Tachibana-san mengangguk, “Un,” dengan ekspresi emosi yang tipis.

“Ayo lakukan hijidon juga.”

Ternyata itu berhasil.

“Cobalah ubah dialognya setiap kali. Lebih baik jika sedikit memaksa.”

“Baiklah.”

Tachibana-san, dia cukup ngotot. Mungkin dia punya sentuhan artis.

“Kalo gitu, ayo lakukan.”

Kali ini, aku menekan sikuku ke dinding. Ini adalah penerapan kabedon, yang disebut hijidon.

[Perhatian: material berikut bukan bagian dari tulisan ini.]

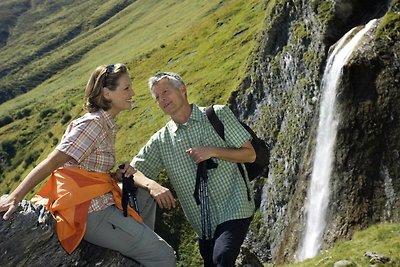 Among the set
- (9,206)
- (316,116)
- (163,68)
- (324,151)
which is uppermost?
(9,206)

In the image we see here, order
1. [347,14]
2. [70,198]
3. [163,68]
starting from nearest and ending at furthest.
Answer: [70,198], [347,14], [163,68]

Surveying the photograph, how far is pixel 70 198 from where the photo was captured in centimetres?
807

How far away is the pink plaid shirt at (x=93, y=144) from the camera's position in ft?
26.6

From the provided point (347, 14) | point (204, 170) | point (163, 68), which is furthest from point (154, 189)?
point (163, 68)

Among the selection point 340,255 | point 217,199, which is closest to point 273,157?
point 340,255

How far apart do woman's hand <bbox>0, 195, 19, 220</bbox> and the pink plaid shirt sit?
0.99 metres

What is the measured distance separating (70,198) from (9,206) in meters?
0.89

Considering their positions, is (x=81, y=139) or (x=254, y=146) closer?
(x=81, y=139)

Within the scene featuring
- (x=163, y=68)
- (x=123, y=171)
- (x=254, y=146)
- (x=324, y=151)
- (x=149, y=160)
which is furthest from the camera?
(x=163, y=68)

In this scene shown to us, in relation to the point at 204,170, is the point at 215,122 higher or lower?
higher

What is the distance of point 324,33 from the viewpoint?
31.0 m

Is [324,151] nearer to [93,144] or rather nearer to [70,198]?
[93,144]

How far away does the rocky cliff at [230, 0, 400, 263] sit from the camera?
24922 mm

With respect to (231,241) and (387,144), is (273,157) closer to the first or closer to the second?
(387,144) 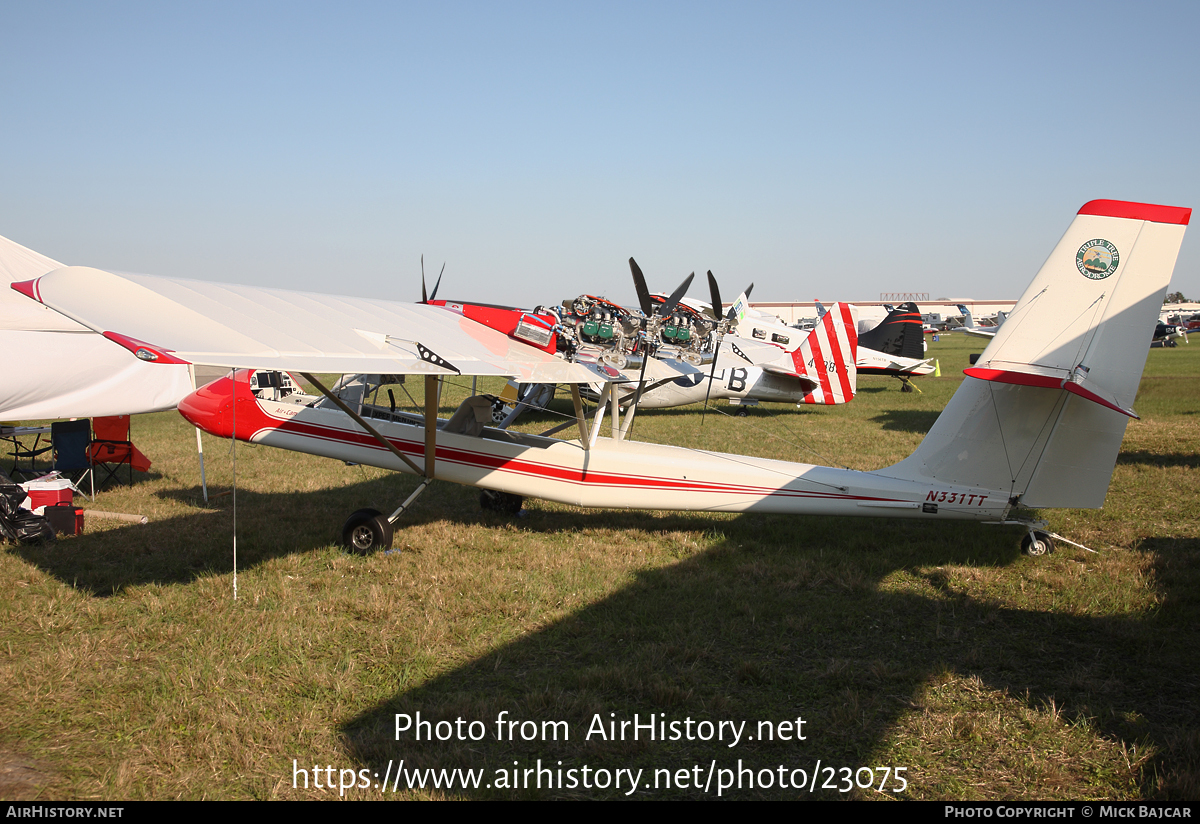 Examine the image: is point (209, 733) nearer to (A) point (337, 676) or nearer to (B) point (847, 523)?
(A) point (337, 676)

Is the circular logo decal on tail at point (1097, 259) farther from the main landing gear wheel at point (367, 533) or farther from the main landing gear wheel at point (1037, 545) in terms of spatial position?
the main landing gear wheel at point (367, 533)

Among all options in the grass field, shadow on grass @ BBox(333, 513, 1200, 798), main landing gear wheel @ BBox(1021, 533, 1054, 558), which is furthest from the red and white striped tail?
shadow on grass @ BBox(333, 513, 1200, 798)

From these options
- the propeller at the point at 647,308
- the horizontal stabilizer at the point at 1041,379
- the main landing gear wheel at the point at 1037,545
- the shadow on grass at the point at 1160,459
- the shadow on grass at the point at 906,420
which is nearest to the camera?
the horizontal stabilizer at the point at 1041,379

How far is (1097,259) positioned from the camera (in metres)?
6.01

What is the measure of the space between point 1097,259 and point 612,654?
528 centimetres

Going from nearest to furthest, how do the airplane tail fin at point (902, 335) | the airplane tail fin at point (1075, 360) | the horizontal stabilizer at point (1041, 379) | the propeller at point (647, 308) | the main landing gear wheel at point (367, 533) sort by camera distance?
the horizontal stabilizer at point (1041, 379)
the airplane tail fin at point (1075, 360)
the main landing gear wheel at point (367, 533)
the propeller at point (647, 308)
the airplane tail fin at point (902, 335)

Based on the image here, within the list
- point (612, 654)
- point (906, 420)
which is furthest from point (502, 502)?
point (906, 420)

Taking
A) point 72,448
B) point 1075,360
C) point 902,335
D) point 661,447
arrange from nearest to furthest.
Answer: point 1075,360 < point 661,447 < point 72,448 < point 902,335

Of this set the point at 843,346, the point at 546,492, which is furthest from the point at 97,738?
the point at 843,346

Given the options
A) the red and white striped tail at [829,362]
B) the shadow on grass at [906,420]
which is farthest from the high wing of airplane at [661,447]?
the red and white striped tail at [829,362]

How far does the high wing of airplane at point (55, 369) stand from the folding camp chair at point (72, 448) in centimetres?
29

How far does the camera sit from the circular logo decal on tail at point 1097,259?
19.5 ft

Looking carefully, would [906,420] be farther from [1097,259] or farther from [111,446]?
[111,446] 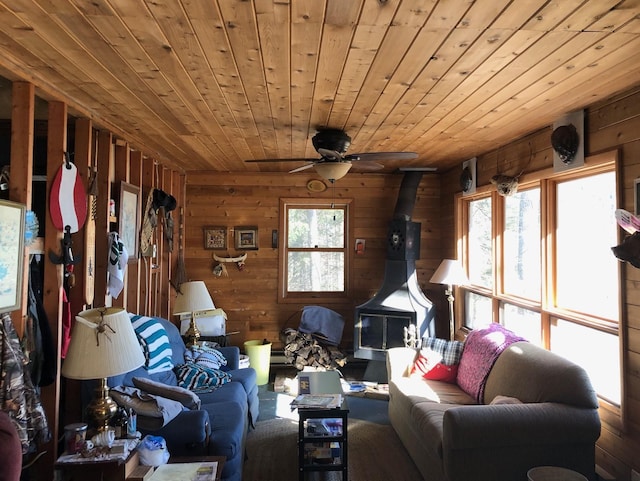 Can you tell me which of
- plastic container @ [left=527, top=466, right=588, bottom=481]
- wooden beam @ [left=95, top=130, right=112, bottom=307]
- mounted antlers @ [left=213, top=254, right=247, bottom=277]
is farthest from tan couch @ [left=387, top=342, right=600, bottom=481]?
mounted antlers @ [left=213, top=254, right=247, bottom=277]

Ini lebih dekat daripada meletakkan tanganku di dinding.

Aku mengatakan ini karena aku berpose menutupi Tachibana-san.

“Aku tidak akan membiarkanmu pergi malam ini.”

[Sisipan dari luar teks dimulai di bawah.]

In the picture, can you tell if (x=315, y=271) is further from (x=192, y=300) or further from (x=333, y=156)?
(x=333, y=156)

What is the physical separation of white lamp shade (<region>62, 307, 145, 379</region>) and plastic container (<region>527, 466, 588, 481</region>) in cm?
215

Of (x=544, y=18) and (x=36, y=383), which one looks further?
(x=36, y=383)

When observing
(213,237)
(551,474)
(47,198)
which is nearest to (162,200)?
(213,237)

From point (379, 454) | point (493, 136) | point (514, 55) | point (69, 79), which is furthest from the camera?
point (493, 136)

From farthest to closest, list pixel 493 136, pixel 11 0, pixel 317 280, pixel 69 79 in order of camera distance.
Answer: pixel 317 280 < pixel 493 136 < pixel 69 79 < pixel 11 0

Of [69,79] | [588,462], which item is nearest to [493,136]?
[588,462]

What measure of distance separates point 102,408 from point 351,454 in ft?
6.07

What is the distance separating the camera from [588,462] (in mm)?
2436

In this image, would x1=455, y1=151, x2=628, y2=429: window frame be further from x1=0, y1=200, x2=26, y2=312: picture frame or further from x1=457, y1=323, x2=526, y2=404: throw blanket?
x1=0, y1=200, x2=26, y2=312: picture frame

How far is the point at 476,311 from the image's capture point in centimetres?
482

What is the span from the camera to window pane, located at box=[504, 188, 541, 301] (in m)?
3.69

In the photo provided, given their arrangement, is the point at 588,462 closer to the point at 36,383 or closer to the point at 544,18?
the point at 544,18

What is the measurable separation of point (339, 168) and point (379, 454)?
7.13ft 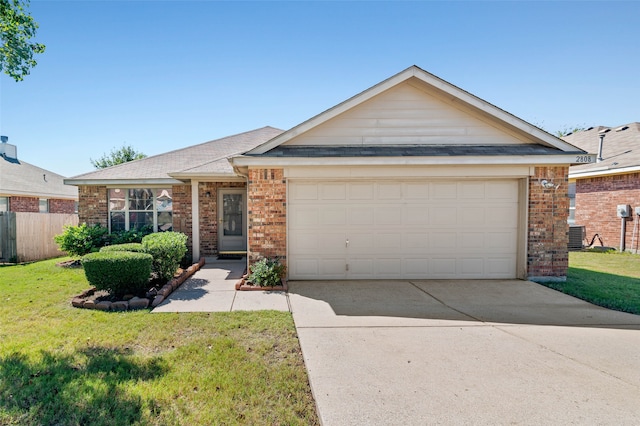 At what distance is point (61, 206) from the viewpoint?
19891mm

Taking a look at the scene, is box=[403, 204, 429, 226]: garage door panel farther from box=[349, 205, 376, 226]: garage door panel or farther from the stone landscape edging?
the stone landscape edging

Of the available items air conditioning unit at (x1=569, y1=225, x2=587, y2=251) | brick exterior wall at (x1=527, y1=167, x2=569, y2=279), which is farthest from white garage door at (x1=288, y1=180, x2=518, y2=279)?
air conditioning unit at (x1=569, y1=225, x2=587, y2=251)

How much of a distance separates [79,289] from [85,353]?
153 inches

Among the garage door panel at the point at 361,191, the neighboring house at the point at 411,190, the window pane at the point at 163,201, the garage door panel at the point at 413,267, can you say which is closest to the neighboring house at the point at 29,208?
the window pane at the point at 163,201

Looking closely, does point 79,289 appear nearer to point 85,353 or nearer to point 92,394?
point 85,353

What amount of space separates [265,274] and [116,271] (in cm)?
285

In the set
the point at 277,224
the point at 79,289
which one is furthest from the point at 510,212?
the point at 79,289

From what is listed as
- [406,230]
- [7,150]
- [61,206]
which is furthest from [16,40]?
[7,150]

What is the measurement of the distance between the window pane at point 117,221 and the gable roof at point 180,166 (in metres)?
1.19

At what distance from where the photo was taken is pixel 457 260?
7895 mm

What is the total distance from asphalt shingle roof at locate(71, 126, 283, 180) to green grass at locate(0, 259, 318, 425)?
5627 millimetres

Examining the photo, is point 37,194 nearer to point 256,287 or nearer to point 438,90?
point 256,287

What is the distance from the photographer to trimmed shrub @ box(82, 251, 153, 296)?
19.5ft

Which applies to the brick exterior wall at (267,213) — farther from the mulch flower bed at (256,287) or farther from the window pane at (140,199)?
the window pane at (140,199) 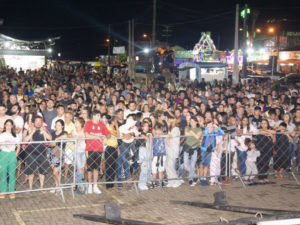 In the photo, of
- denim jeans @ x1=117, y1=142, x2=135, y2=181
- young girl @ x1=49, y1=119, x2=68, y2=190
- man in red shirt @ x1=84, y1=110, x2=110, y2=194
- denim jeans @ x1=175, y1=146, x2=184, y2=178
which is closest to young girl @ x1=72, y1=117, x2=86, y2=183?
man in red shirt @ x1=84, y1=110, x2=110, y2=194

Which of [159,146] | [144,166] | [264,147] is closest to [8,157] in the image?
[144,166]

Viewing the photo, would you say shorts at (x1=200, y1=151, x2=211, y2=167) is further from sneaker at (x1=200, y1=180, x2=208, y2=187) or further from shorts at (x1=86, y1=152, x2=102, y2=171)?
shorts at (x1=86, y1=152, x2=102, y2=171)

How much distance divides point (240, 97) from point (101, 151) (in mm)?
9372

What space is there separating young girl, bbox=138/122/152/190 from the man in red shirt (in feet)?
3.14

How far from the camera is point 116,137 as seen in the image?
8.58 metres

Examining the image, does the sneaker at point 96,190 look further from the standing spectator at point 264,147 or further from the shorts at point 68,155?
the standing spectator at point 264,147

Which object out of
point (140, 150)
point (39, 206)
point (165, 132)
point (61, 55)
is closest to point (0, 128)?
point (39, 206)

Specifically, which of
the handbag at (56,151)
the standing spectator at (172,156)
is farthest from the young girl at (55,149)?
the standing spectator at (172,156)

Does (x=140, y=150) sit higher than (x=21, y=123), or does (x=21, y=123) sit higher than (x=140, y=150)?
(x=21, y=123)

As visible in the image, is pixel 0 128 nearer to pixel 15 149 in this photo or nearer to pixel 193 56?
pixel 15 149

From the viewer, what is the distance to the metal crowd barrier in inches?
330

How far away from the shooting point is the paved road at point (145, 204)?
7.06m

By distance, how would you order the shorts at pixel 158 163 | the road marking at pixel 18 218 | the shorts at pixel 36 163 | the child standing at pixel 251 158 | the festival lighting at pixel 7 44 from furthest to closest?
1. the festival lighting at pixel 7 44
2. the child standing at pixel 251 158
3. the shorts at pixel 158 163
4. the shorts at pixel 36 163
5. the road marking at pixel 18 218

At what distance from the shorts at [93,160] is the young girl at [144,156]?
1.07m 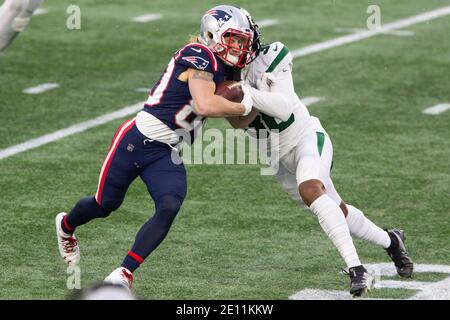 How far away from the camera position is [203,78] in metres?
6.77

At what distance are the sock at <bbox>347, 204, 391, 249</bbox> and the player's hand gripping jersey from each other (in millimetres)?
1033

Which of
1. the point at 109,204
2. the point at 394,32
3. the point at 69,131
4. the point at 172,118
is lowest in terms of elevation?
the point at 394,32

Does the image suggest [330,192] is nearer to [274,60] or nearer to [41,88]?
[274,60]

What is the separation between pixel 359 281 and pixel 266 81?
1205 millimetres

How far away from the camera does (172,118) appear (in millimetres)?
6949

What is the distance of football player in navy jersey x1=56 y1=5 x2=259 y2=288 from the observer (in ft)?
22.0

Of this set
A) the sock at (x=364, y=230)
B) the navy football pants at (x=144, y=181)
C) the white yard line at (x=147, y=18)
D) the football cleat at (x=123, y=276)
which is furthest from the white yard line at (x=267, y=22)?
the football cleat at (x=123, y=276)

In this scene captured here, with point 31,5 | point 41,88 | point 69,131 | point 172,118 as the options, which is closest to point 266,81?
point 172,118

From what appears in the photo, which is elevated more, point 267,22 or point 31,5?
point 31,5

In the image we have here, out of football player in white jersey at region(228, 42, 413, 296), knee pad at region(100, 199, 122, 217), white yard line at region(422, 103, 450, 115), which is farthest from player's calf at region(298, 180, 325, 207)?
white yard line at region(422, 103, 450, 115)

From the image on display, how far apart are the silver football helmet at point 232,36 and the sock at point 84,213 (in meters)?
1.10

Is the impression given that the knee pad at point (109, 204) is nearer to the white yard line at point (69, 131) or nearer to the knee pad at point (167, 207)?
the knee pad at point (167, 207) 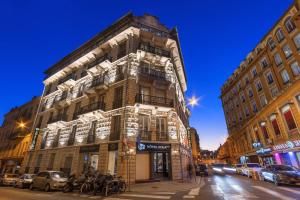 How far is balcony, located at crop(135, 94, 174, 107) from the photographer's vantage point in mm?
16850

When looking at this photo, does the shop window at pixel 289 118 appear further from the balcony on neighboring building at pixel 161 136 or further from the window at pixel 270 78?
the balcony on neighboring building at pixel 161 136

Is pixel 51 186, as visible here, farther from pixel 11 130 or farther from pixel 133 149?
pixel 11 130

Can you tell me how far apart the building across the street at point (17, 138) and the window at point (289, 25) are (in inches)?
1790

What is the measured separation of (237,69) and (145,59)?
102 ft

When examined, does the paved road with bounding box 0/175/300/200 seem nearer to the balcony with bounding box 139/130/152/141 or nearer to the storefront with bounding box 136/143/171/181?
the storefront with bounding box 136/143/171/181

Tachibana-san menatap mataku dan tidak bergerak. Tachibana-san, dilihat dari jarak dekat, sangat halus seperti kaca, dan memiliki kecantikan yang tidak nyata.

“Apa itu membuatmu degdegan?”

“...Ya, benar.”

Kata Tachibana-san, tiba-tiba, dia menarik dasi di leherku. Wajah kami semakin dekat, dan dahi kami hampir bersentuhan. Bulu matanya yang panjang dan pipinya yang putih dingin, semuanya indah.

“...Hei, apa kamu degdegan?”

Tachibana-san bertanya.

Aku degdegan. Tapi, bahkan tanpa dia melakukan ini, aku selalu degdegan. Karena Tachibana-san adalah orang yang paling aku cintai.

“...Tachibana-san, ini [nekukui], ‘kan?”

“Ya. Ini tertulis di catatan.”

Seorang gadis meraih dasi seorang anak laki-laki dan menariknya, mendekatkan wajahnya untuk membuatnya degdegan.

“Tachibana-san ternyata cukup mudah terbawa juga, ya.”

“Ayo kita lanjutkan.”

Dan begitulah, kami berlatih metode yang tertulis dalam catatan cinta satu demi satu.

Yukadon, isukuru, dan masih banyak lagi.

Kami juga menggunakan earphone satu telinga, yang menghubungan satu telinga kami masing-masing untuk mendengarkan musik.

Kami tidak melakukan apa pun dari kulit ke kulit.

Ini adalah cerita terkenal kalau Tachibana-san tidak menyentuh seorang pria. Ketika dia melewati seseorang di antara meja, dia membuat tubuh rampingnya lebih tegak agar dia tidak menabraknya, dan ketika seorang guru laki-laki hendak meletakkan tangannya di bahunya, dia meletakkan ujung pensil mekaniknya untuk menahannya.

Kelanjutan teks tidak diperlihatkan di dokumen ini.